### Your goal
Starting at the line containing "primary bedroom with log cabin beams" and ending at the line containing "신보령 홍대령 대표(왼쪽", transcribe the listing below exactly. Keep both end lines, skip the pictures, and copy nothing else.

### Information given
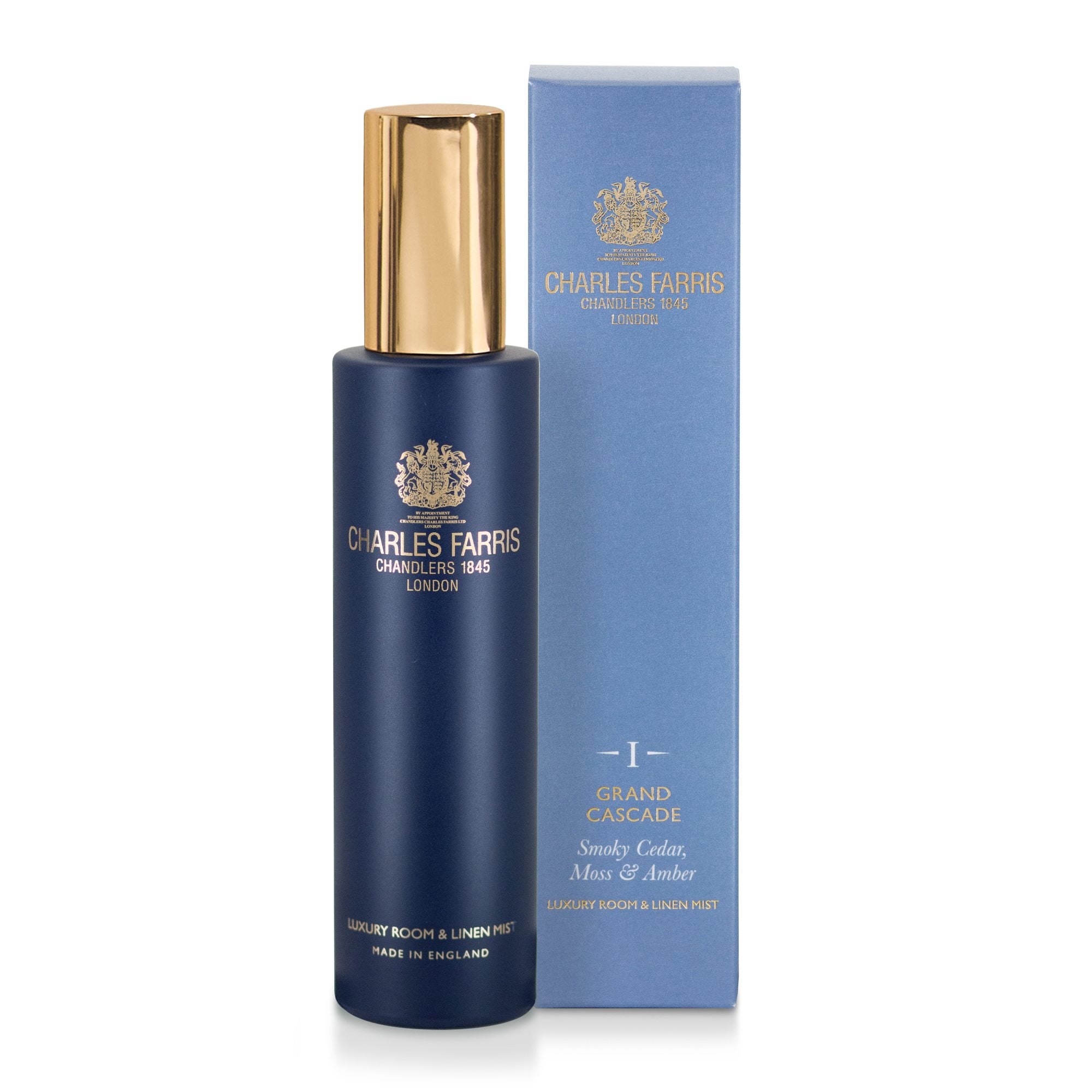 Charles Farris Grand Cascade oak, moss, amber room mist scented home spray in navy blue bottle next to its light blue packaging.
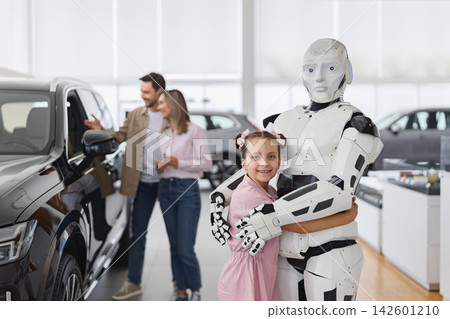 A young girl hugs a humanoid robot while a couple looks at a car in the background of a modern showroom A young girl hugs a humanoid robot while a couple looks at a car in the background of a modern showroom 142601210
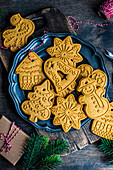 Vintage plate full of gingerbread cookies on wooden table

...

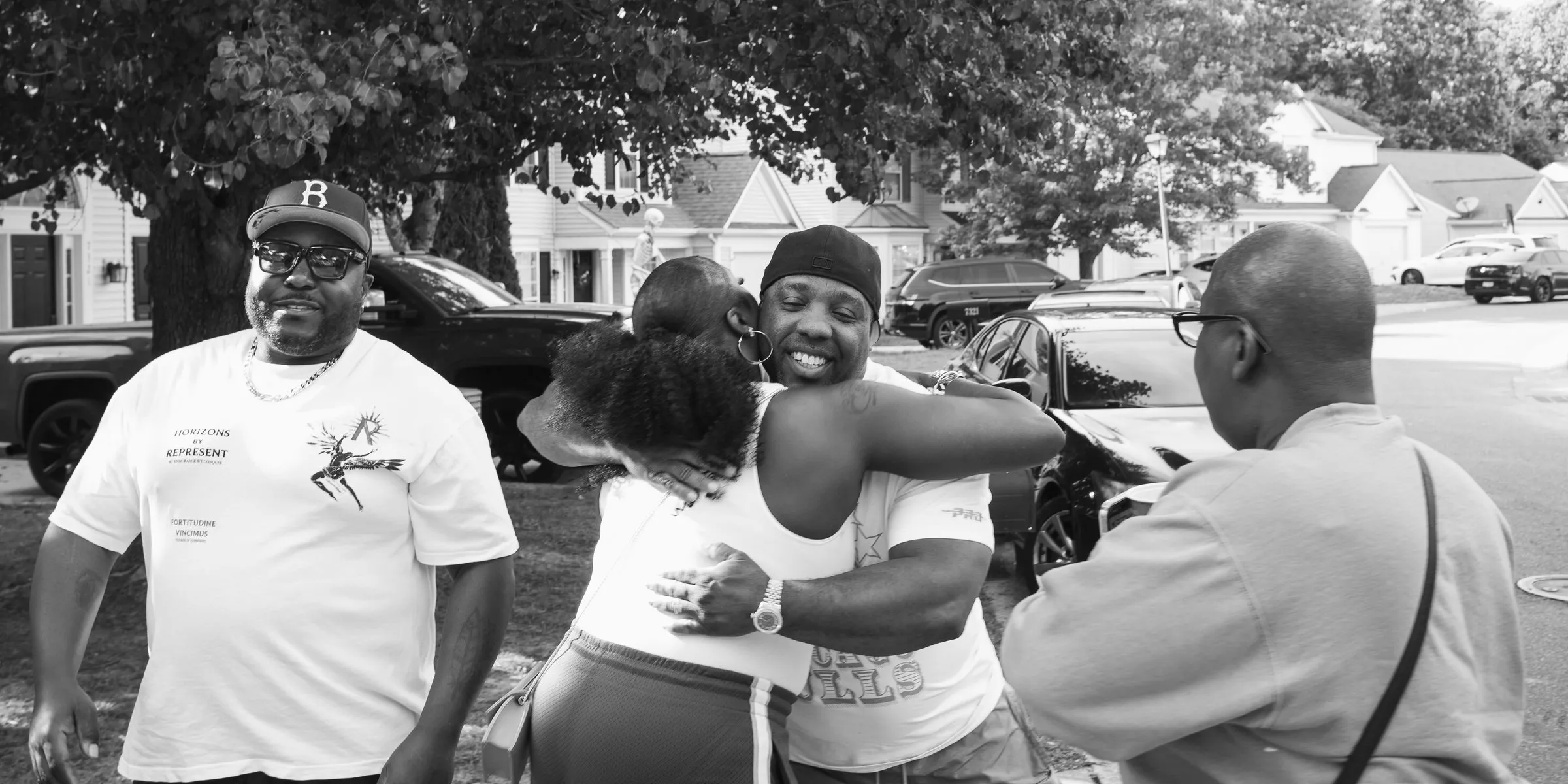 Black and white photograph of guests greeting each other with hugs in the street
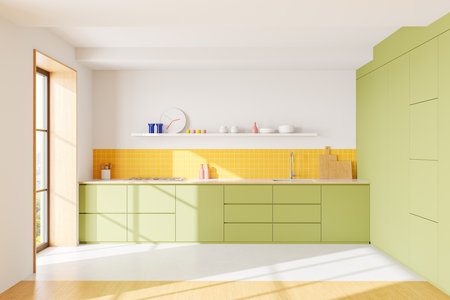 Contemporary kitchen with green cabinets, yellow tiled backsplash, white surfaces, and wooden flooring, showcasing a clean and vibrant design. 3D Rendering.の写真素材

...

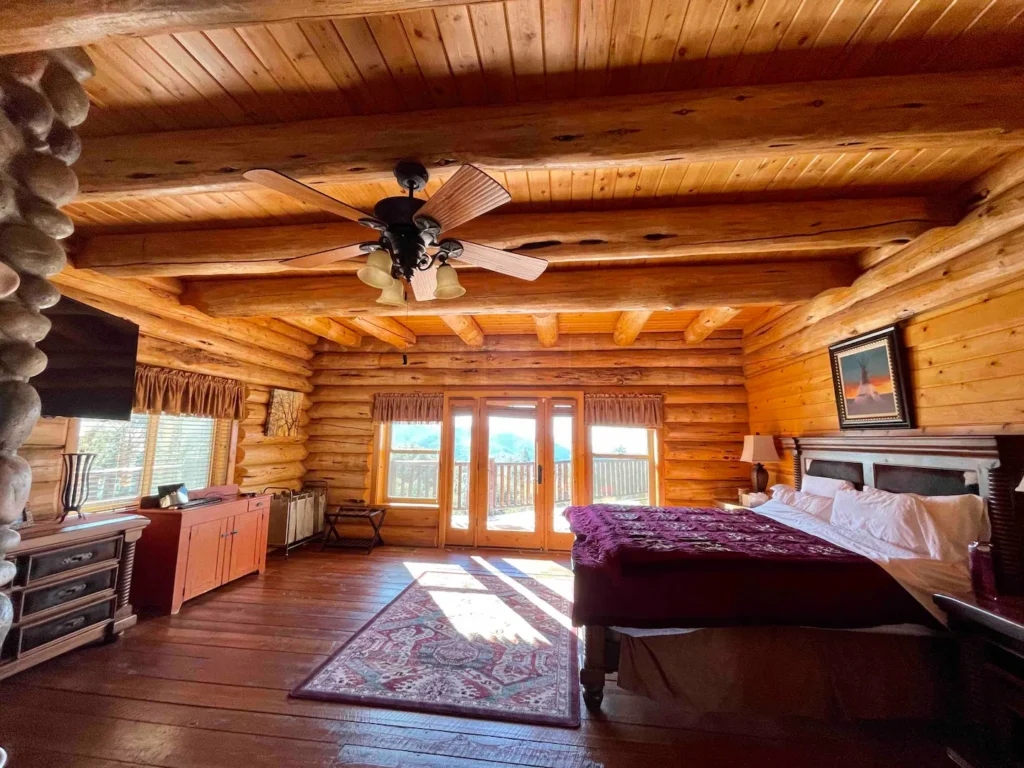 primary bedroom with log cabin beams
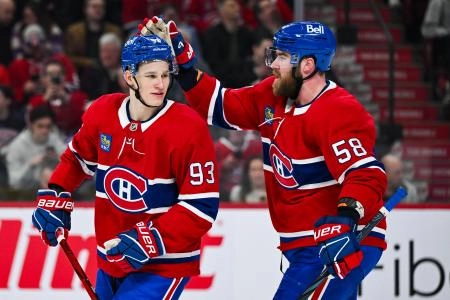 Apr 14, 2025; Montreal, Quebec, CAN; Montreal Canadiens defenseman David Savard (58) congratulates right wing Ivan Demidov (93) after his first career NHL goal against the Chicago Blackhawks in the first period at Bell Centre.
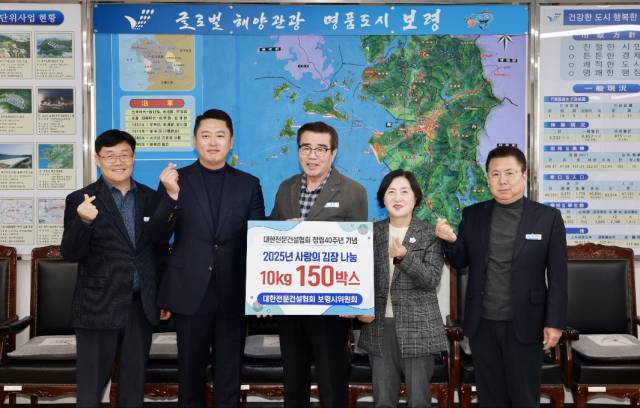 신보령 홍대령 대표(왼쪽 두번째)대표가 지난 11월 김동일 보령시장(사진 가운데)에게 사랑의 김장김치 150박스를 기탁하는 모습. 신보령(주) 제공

### Written reply
 primary bedroom with log cabin beams
 Apr 14, 2025; Montreal, Quebec, CAN; Montreal Canadiens defenseman David Savard (58) congratulates right wing Ivan Demidov (93) after his first career NHL goal against the Chicago Blackhawks in the first period at Bell Centre.
 신보령 홍대령 대표(왼쪽 두번째)대표가 지난 11월 김동일 보령시장(사진 가운데)에게 사랑의 김장김치 150박스를 기탁하는 모습. 신보령(주) 제공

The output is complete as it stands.